• WORK TASK
Would you restate each line of the data below word for word, without its pictures?

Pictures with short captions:
BEGIN

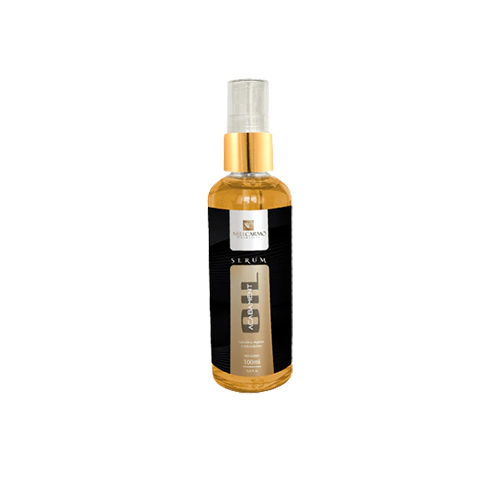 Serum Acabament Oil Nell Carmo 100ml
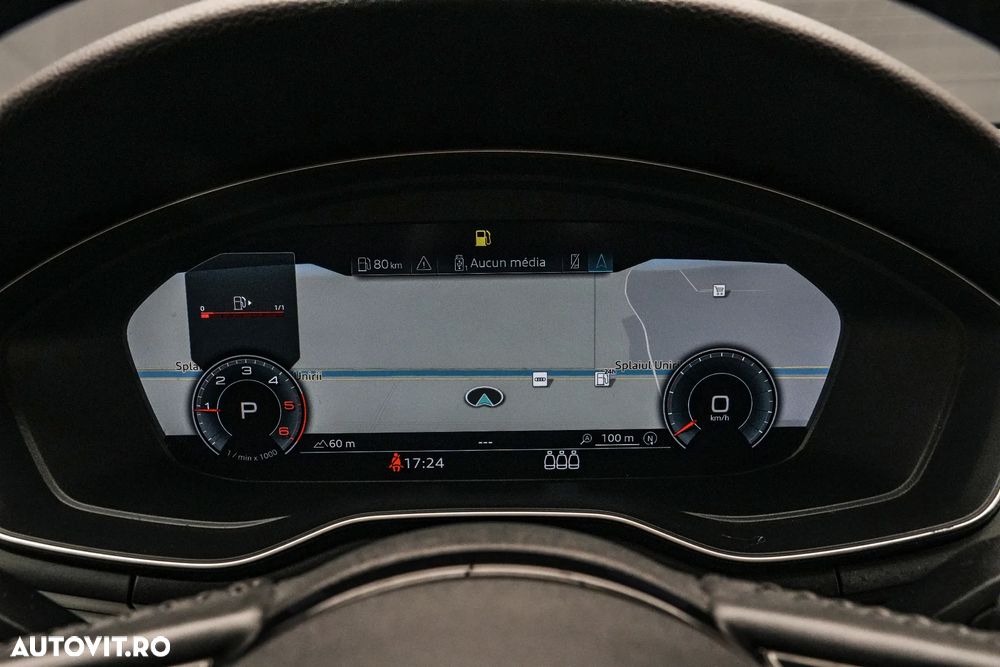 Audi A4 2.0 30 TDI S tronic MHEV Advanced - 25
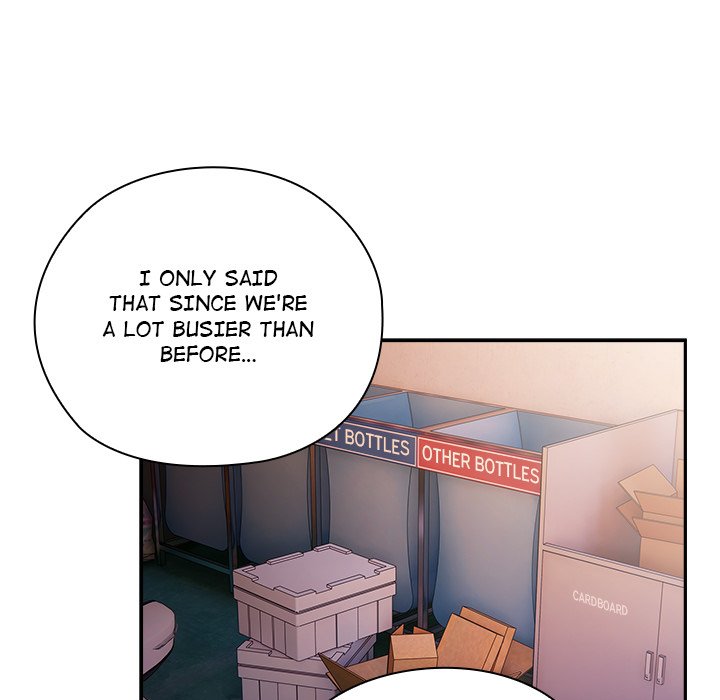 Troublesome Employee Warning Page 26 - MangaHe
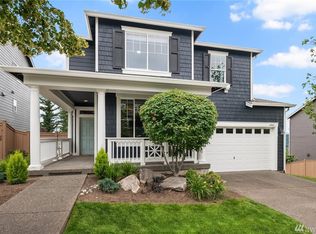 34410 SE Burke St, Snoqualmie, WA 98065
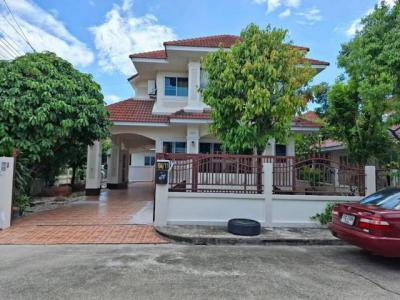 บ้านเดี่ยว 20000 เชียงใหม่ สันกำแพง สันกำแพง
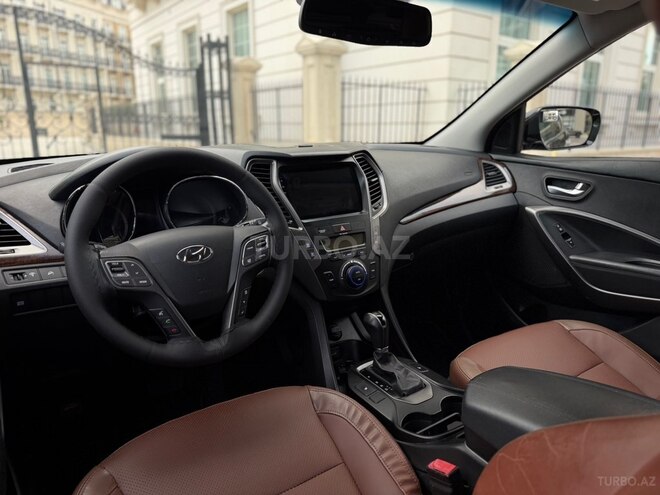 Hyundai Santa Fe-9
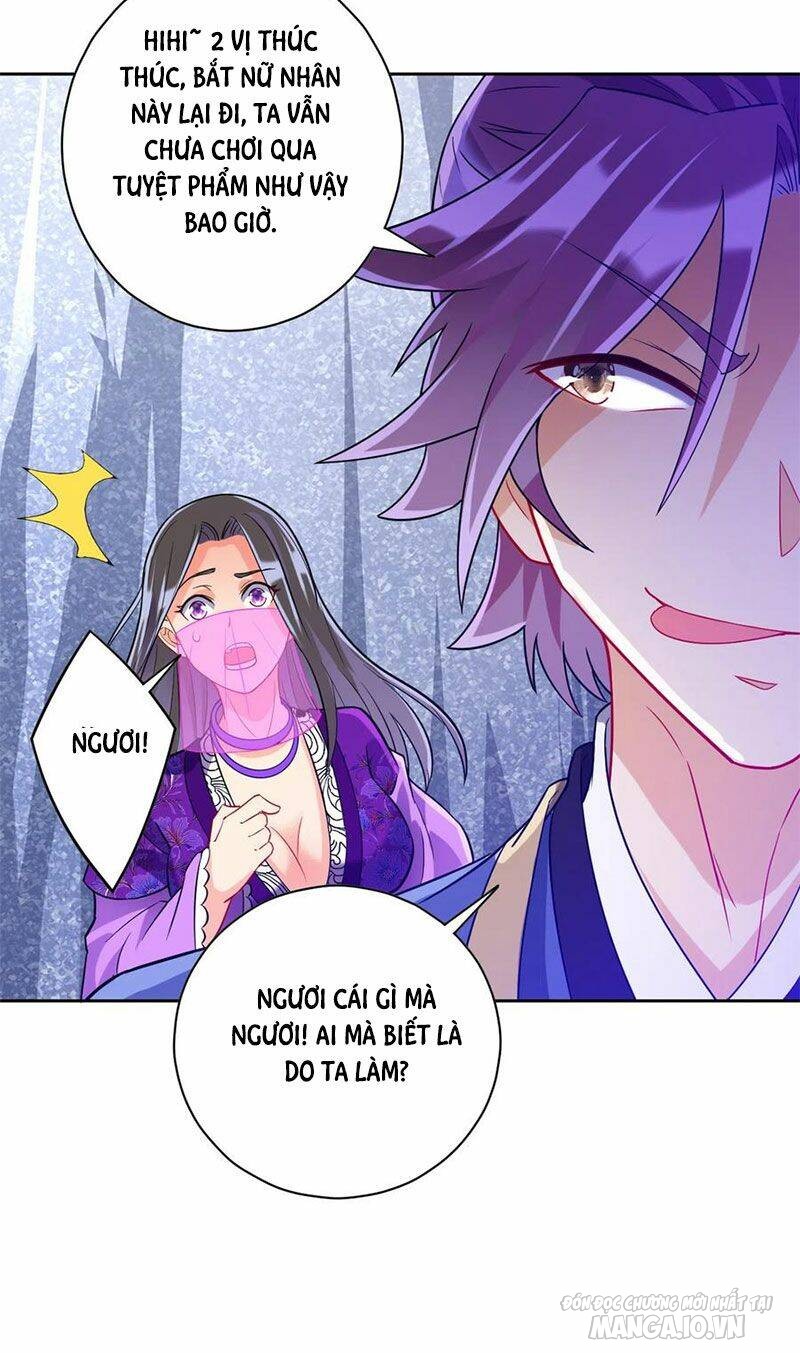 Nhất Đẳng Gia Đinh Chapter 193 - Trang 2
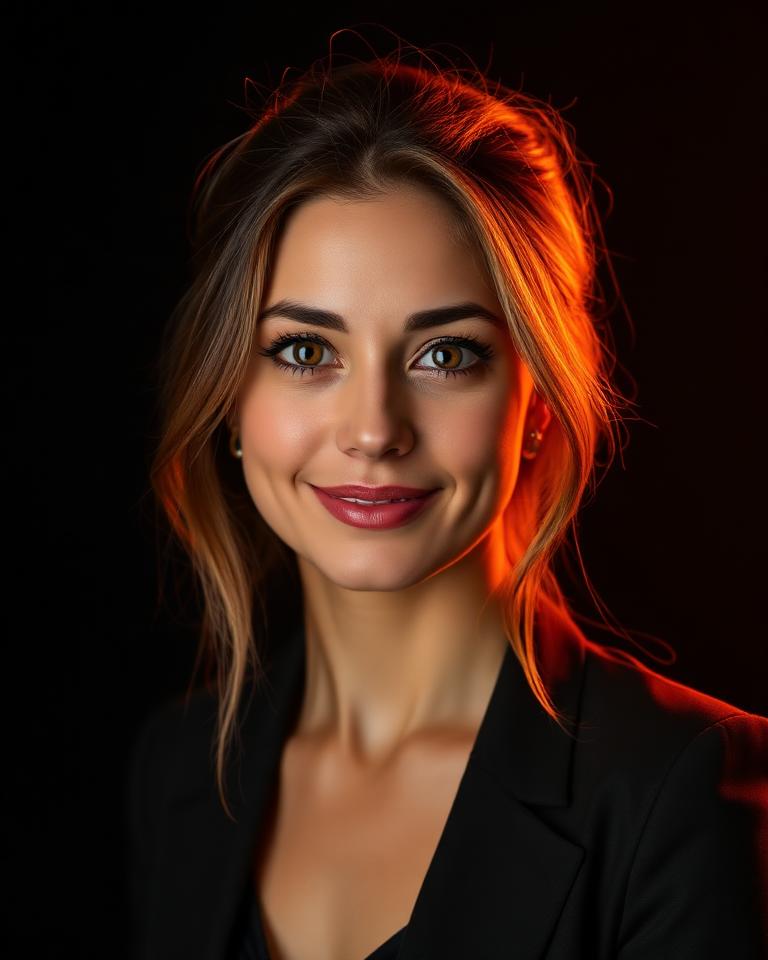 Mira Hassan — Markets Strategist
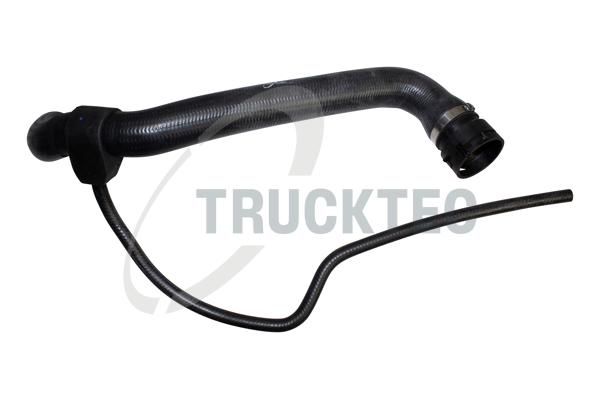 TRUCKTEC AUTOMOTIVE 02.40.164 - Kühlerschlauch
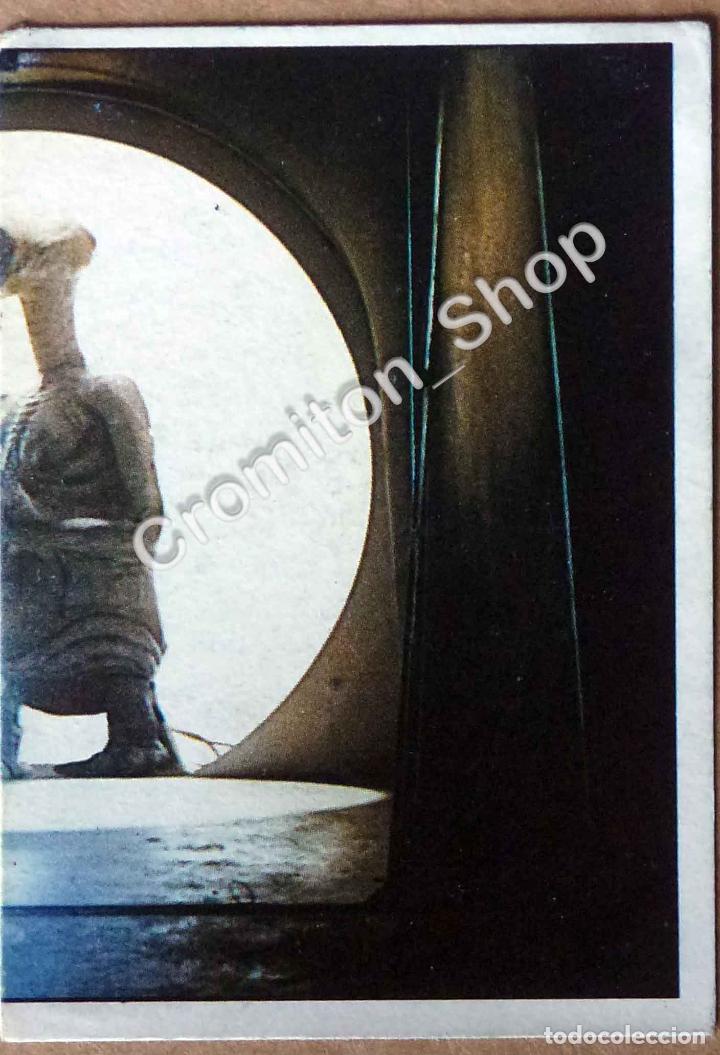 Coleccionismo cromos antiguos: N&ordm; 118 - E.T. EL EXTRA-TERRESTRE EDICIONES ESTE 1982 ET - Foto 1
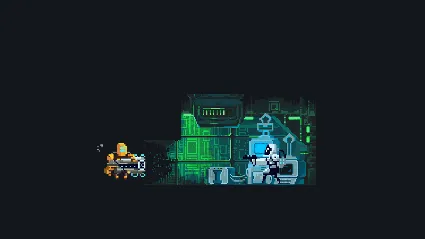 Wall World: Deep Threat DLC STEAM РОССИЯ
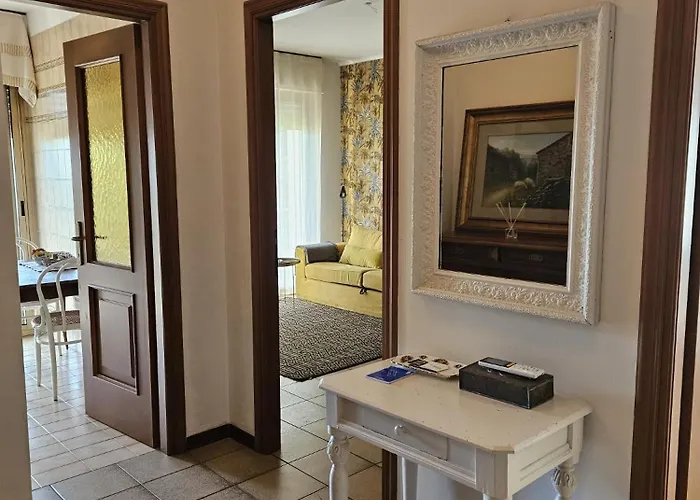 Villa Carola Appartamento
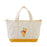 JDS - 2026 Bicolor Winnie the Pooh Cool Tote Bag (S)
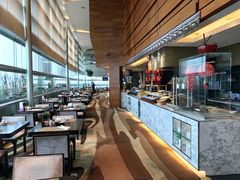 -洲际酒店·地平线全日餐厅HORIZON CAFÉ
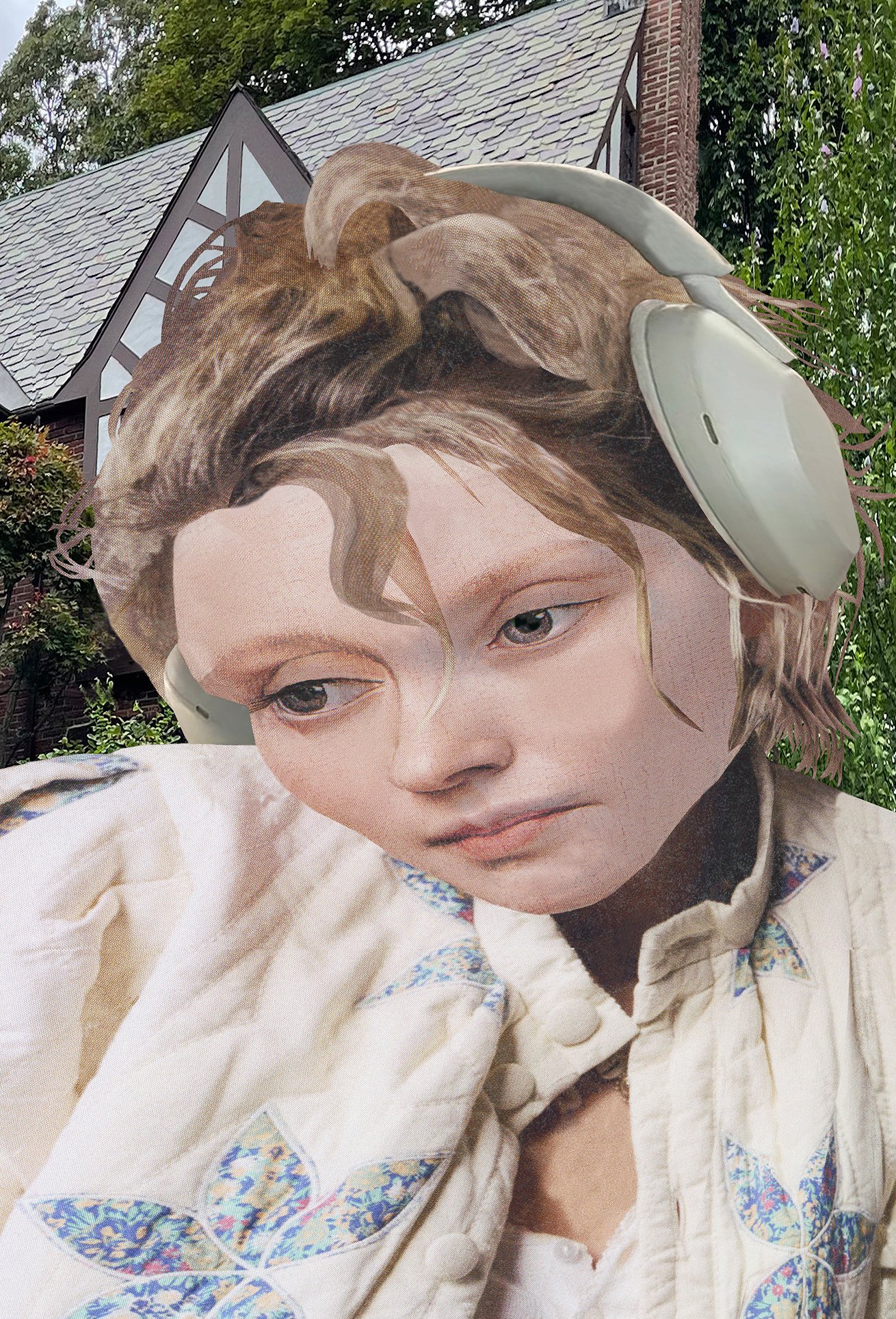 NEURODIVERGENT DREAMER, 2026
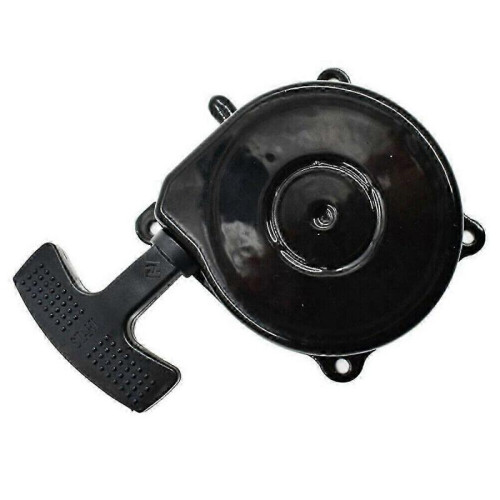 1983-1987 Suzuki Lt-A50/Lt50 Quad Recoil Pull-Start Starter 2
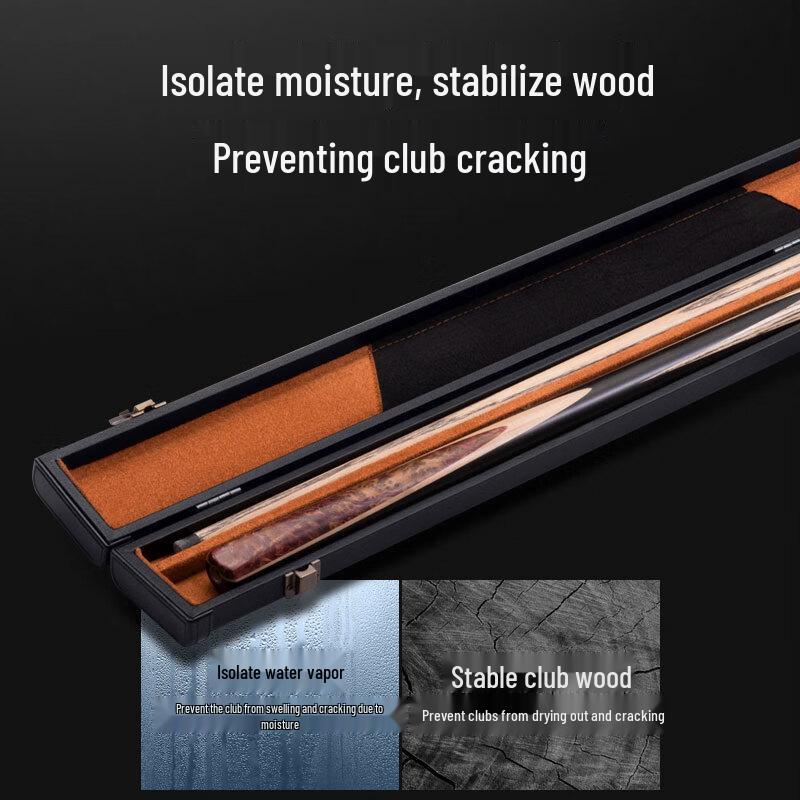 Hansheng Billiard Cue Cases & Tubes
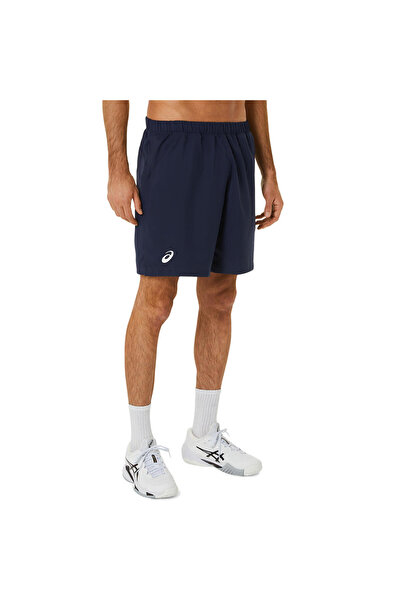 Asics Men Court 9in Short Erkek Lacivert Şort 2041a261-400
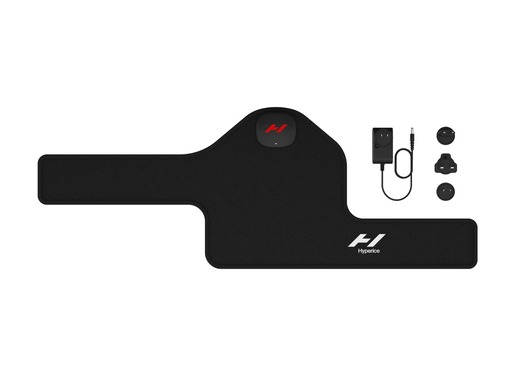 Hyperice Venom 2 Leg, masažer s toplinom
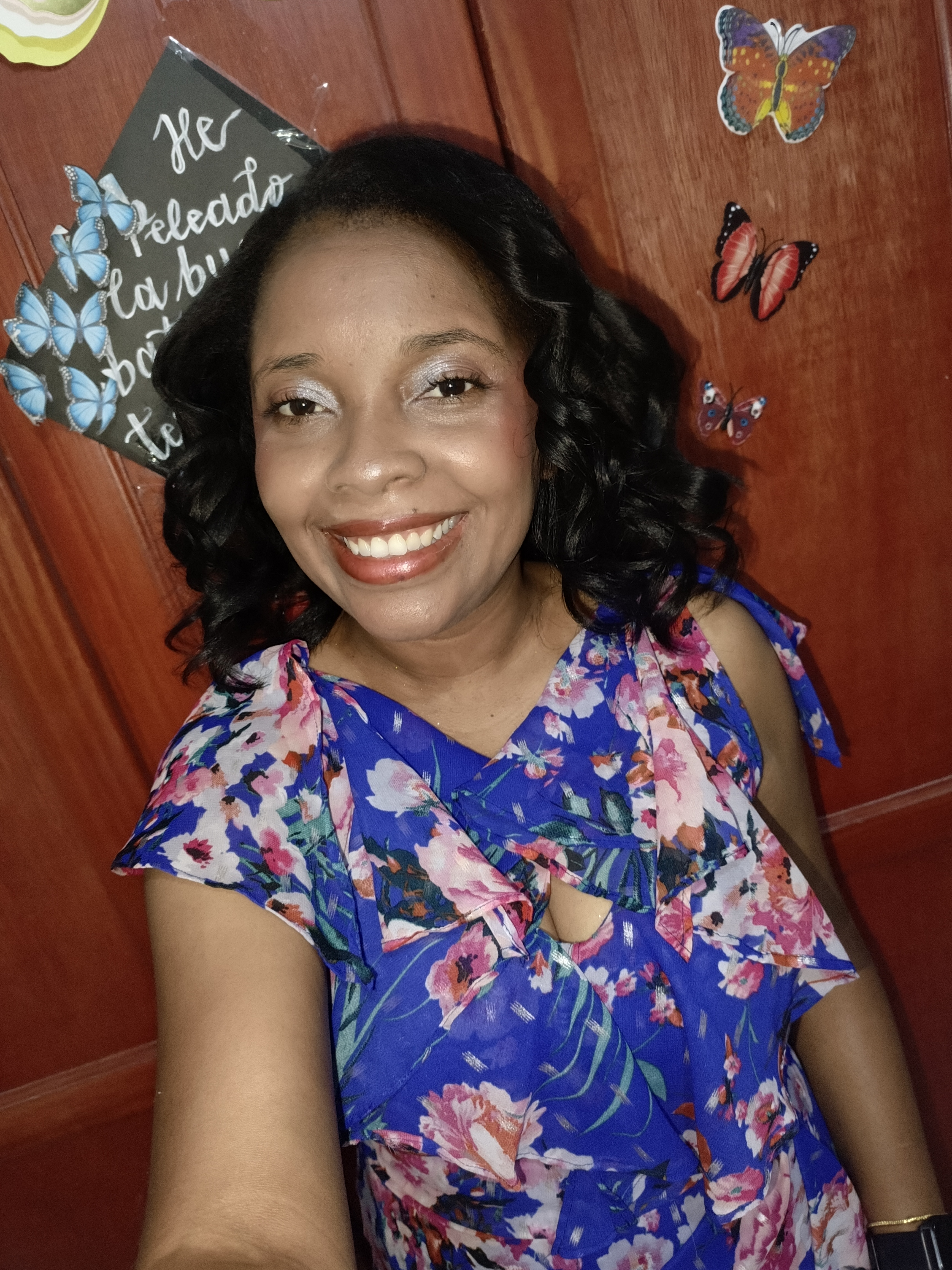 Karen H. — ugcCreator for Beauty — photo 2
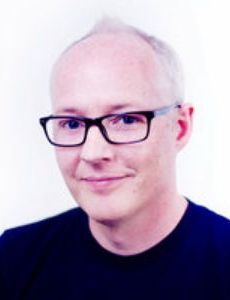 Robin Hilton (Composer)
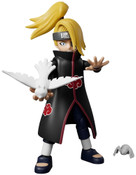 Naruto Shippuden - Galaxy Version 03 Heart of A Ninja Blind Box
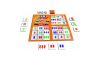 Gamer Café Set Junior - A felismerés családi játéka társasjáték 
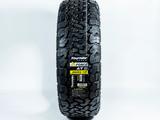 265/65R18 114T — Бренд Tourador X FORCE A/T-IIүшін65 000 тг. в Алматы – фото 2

END

• COMPLETED TASK
 Serum Acabament Oil Nell Carmo 100ml
 Audi A4 2.0 30 TDI S tronic MHEV Advanced - 25
 Troublesome Employee Warning Page 26 - MangaHe
 34410 SE Burke St, Snoqualmie, WA 98065
 บ้านเดี่ยว 20000 เชียงใหม่ สันกำแพง สันกำแพง
 Hyundai Santa Fe-9
 Nhất Đẳng Gia Đinh Chapter 193 - Trang 2
 Mira Hassan — Markets Strategist
 TRUCKTEC AUTOMOTIVE 02.40.164 - Kühlerschlauch
 Coleccionismo cromos antiguos: N&ordm; 118 - E.T. EL EXTRA-TERRESTRE EDICIONES ESTE 1982 ET - Foto 1
 Wall World: Deep Threat DLC STEAM РОССИЯ
 Villa Carola Appartamento
 JDS - 2026 Bicolor Winnie the Pooh Cool Tote Bag (S)
 -洲际酒店·地平线全日餐厅HORIZON CAFÉ
 NEURODIVERGENT DREAMER, 2026
 1983-1987 Suzuki Lt-A50/Lt50 Quad Recoil Pull-Start Starter 2
 Hansheng Billiard Cue Cases & Tubes
 Asics Men Court 9in Short Erkek Lacivert Şort 2041a261-400
 Hyperice Venom 2 Leg, masažer s toplinom
 Karen H. — ugcCreator for Beauty — photo 2
 Robin Hilton (Composer)
 Naruto Shippuden - Galaxy Version 03 Heart of A Ninja Blind Box
 Gamer Café Set Junior - A felismerés családi játéka társasjáték 
 265/65R18 114T — Бренд Tourador X FORCE A/T-IIүшін65 000 тг. в Алматы – фото 2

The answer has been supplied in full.